In deze zaak heeft de Rechtbank Den Haag op 1 mei 2024 uitspraak gedaan in een bestuursrechtelijke procedure betreffende de bewaring van een Syrische eiser. De eiser, geboren in 1999, heeft beroep ingesteld tegen een besluit van de staatssecretaris van Justitie en Veiligheid, waarbij hem op 19 april 2024 de maatregel van bewaring is opgelegd op grond van artikel 59a, eerste lid, van de Vreemdelingenwet. De eiser heeft zich akkoord verklaard met schriftelijke afdoening van het beroep en heeft op 24 april 2024 de gronden van het beroep ingediend. De staatssecretaris heeft op 25 april 2024 gereageerd, waarna de rechtbank op 29 april 2024 het onderzoek heeft gesloten.

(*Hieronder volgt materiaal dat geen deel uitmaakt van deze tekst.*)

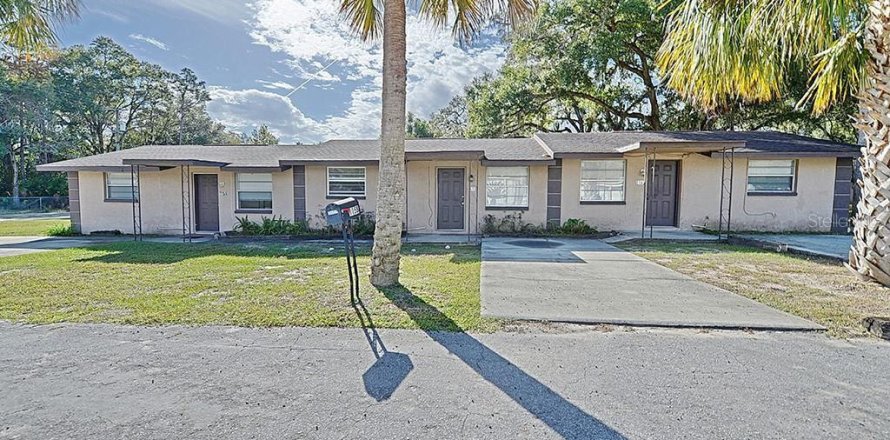 Immobilier commercial à Crystal River, Floride 30 chambres, 329.99 m2 № 1832016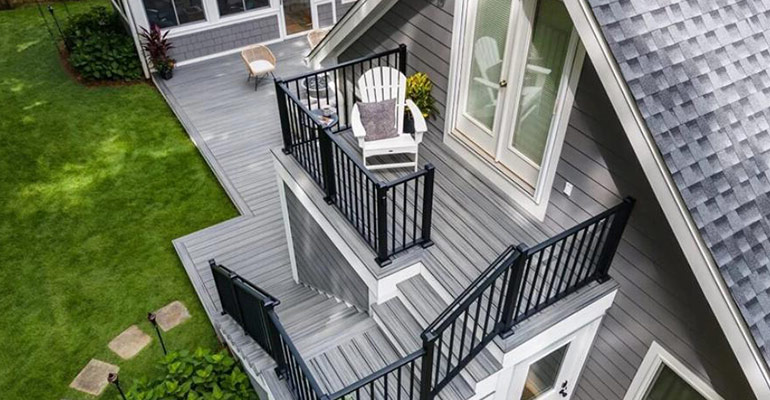 How to Put Up Metal Railings on a Garden Composite Decks?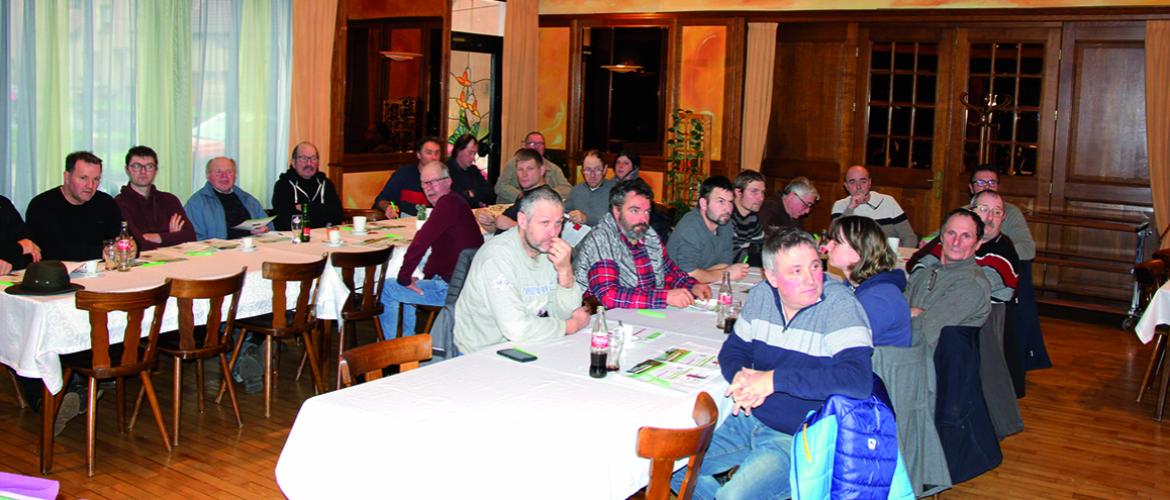 À Epping, des agriculteurs expriment leur rejet de  l’obligation de repas végétariens dans les cantines scolaires. Photo Cédric Coillot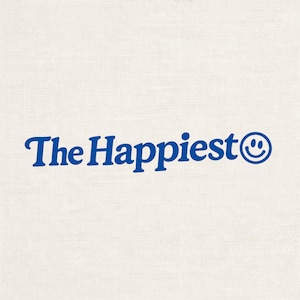 Puede incluir: Un dise&ntilde;o gr&aacute;fico que presenta el texto The Happiest en una fuente serif azul en negrita, seguido de un icono de cara sonriente circular azul. El dise&ntilde;o se sit&uacute;a sobre un fondo texturizado de color blanco roto que recuerda a una tela.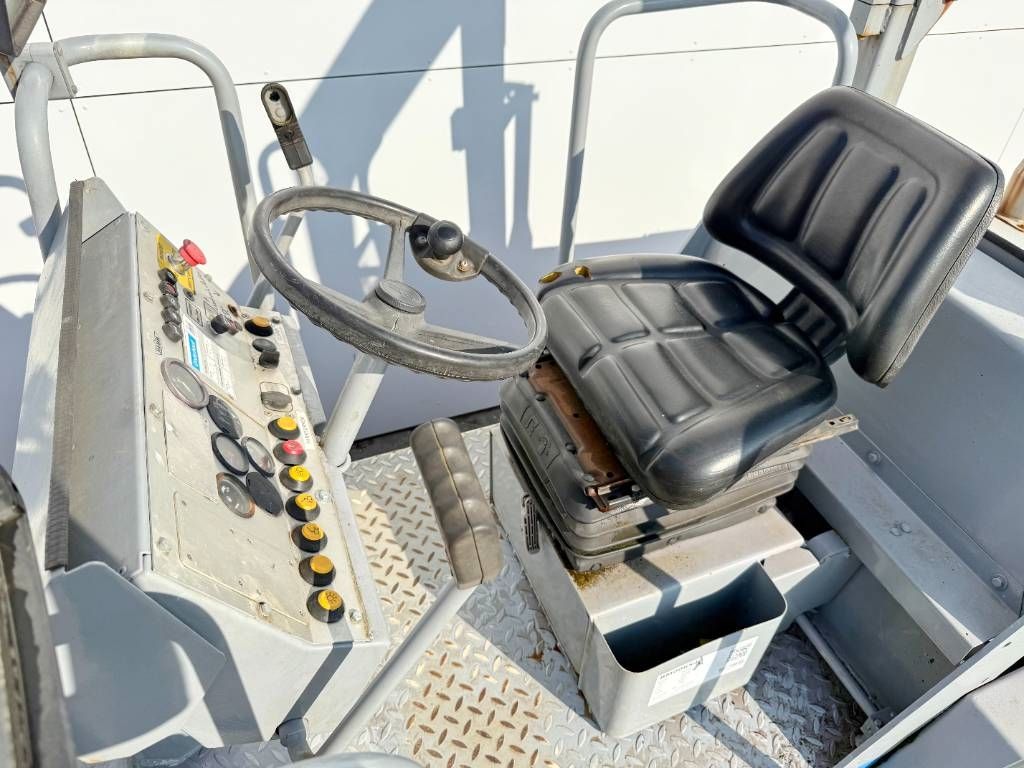 Hamm 2220D - Dutch Machine / Only 4342 Hours!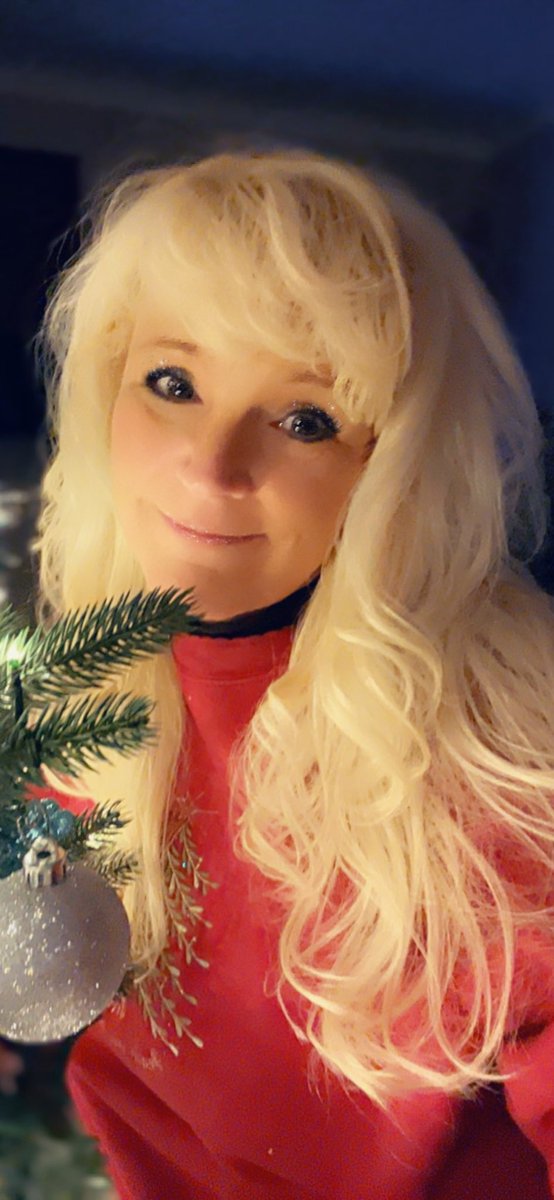 Wishing everyone a great weekend. 💙✈️💙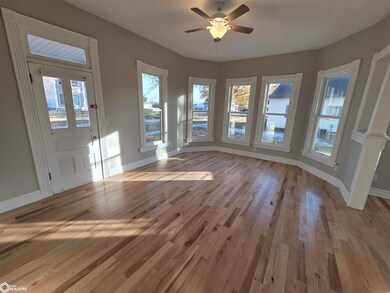 710 Clay St, Brooklyn, IA 52211 - photo 2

De rechtbank heeft vastgesteld dat de maatregel van bewaring is voorzien van een geldige elektronische handtekening, ondanks de bewering van de eiser dat deze niet kon worden geverifieerd. De rechtbank oordeelt dat er voldoende gronden zijn voor de maatregel van bewaring, omdat er een concreet aanknopingspunt bestaat voor een overdracht aan Duitsland op basis van de Dublinverordening en er een significant risico is dat de eiser zich aan het toezicht zal onttrekken. De rechtbank heeft de argumenten van de eiser, waaronder het verzoek om een lichter middel, verworpen. De rechtbank concludeert dat de maatregel van bewaring rechtmatig is en dat het beroep ongegrond is. Het verzoek om schadevergoeding wordt eveneens afgewezen.
De uitspraak is gedaan door mr. M.L. Weerkamp, rechter, en is openbaar gemaakt op www.rechtspraak.nl. Tegen deze uitspraak kan binnen één week hoger beroep worden ingesteld bij de Afdeling bestuursrechtspraak van de Raad van State.